Poiché però il difensore del capitolo dei canonici aveva gravemente mutilato il testo del privilegio di Urbano IV, avendo omesso quella clausola “Salva ecc…”, dalla quale si sentivano in qualche maniera aggravati o ostacolati, hanno presentato altri documenti, tratti dall’archivio capitolare, senza avermi avvertito. Giustamente quindi il tribunale Rotale il 10 giugno aveva pronunciato il verdetto: la questione viene rimandata e venga ripresentata la documentazione. Dopo le spese già fatte nella prima presentazione, i canonici si spaventarono per le spese a cui sarebbero andati incontro nel prolungare la controversia, si rivolsero a me per addivenire alla composizione della causa. Poiché però le menti e le opinioni degli uomini sono varie, non si addivenne ad un accordo, e la questione fu rimandata all’anno seguente.
1754.14 Visita di mio fratello con i miei due nipoti Francesca e Clemente Erminio – Dono fatto alla chiesa metropolitana del settimo candeliere d’argento per l’altare maggiore.
Dopo aver partecipato ai riti celebrati nella festa del Corpus Domini, che cadeva il 13 giugno, il giorno successivo mi sono recato alla villa di San Martino per riposarmi un po’. Ma già il 19 giugno sono stato costretto a ritornare a Fermo a causa dell’imminente venuta di mio fratello insieme con mia nipote Francesca che, con mio nipote Clemente Erminio, erano venuti a far visita alla santa Casa della beata Vergine Maria a Loreto e per recarsi poi ad Ancona. Con loro c’era anche Maria Zinanni, nobildonna di Ravenna, nipote del cardinale Corradini. Tanto questa signora, quanto mia nipote Francesca erano state formate nel monastero di Santa Maria in Silice di Roma ed esse pensavano seriamente di entrare in quel monastero. Mi volli rendere conto con tutta la diligenza possibile della sincerità del desiderio di mia nipote, che mi sembrava costante e decisa nel suo proposito e aveva 18 anni. Rimasero presso di me fino al primo di luglio.

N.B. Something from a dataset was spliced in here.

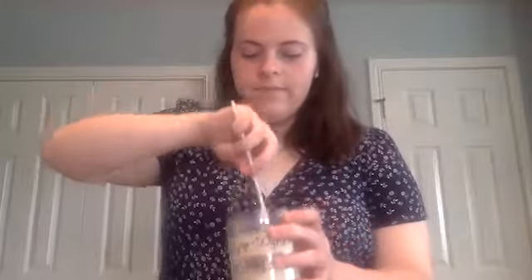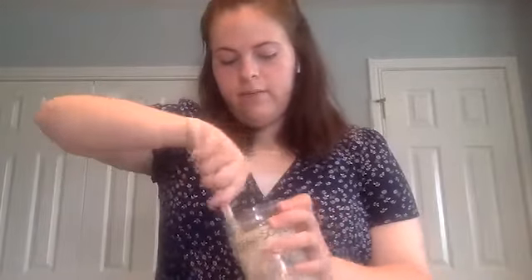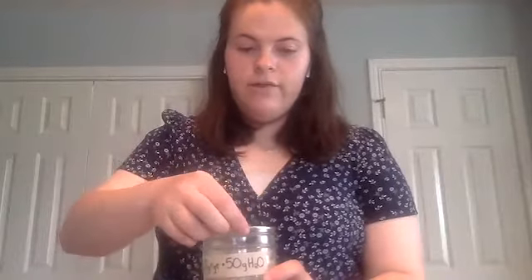Finally, I add 50 grams of water to the starter. Then I mix it all together, making sure that there is no dry flour remaining. Then I put a loose lid on top of the jar and I let it sit overnight. You want to cover it loosely so that the starter has room to grow and air can escape easily.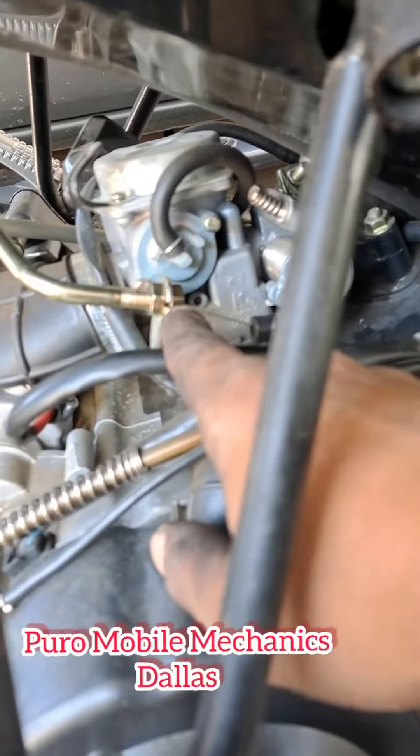It's a little bit longer — we've got a little bit of play here.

Prima della festa dei santi apostoli Pietro e Paolo, donai alla chiesa metropolitana il settimo candeliere di oltre 14 libbre di puro argento fatto fondere a Roma da aggiungere agli altri sei candelieri di argento e viene usato nelle messe pontificali. Prima vi era usato un candeliere di legno che non mi sembrò abbastanza dignitoso. Dopo quest’offerta, nella festa dei santi apostoli, tenni la consueta ed ampia omelia sulla antica consuetudine dell’uso dei lumi e del settimo candeliere aggiunto in occasione delle celebrazioni pontificali.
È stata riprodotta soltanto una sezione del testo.